(DATASET ENTRIES)
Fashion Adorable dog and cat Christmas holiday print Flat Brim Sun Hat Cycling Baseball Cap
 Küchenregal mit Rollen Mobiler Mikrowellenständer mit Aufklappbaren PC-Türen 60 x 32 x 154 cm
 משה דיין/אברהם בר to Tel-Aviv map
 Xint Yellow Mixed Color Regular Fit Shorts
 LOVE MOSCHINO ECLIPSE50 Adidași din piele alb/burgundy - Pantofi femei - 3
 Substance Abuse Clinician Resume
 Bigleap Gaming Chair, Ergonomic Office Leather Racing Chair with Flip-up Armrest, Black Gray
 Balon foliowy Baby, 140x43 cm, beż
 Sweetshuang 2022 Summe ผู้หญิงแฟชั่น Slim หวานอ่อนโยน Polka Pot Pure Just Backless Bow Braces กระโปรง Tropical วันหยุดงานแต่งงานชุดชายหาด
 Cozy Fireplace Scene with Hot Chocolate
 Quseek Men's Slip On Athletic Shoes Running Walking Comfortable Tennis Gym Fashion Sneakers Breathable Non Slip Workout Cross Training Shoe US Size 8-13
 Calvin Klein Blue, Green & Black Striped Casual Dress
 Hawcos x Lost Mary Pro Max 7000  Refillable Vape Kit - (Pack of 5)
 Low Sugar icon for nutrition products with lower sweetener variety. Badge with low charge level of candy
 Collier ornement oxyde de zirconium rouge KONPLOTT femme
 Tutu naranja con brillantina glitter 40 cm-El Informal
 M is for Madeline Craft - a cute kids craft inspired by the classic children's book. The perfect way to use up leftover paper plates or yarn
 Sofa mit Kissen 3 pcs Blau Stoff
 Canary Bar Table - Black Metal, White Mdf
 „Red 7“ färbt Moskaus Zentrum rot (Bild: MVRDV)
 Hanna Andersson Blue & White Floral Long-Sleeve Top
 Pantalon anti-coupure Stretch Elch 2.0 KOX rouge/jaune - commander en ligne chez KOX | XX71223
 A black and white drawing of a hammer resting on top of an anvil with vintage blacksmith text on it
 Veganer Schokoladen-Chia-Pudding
(End DATASET ENTRIES)
• WHAT TO PRODUCE: In the records above, find every line that contains the word "rouge" and copy it.

• RESPONSE TO THE EXERCISE:
 Collier ornement oxyde de zirconium rouge KONPLOTT femme
 Pantalon anti-coupure Stretch Elch 2.0 KOX rouge/jaune - commander en ligne chez KOX | XX71223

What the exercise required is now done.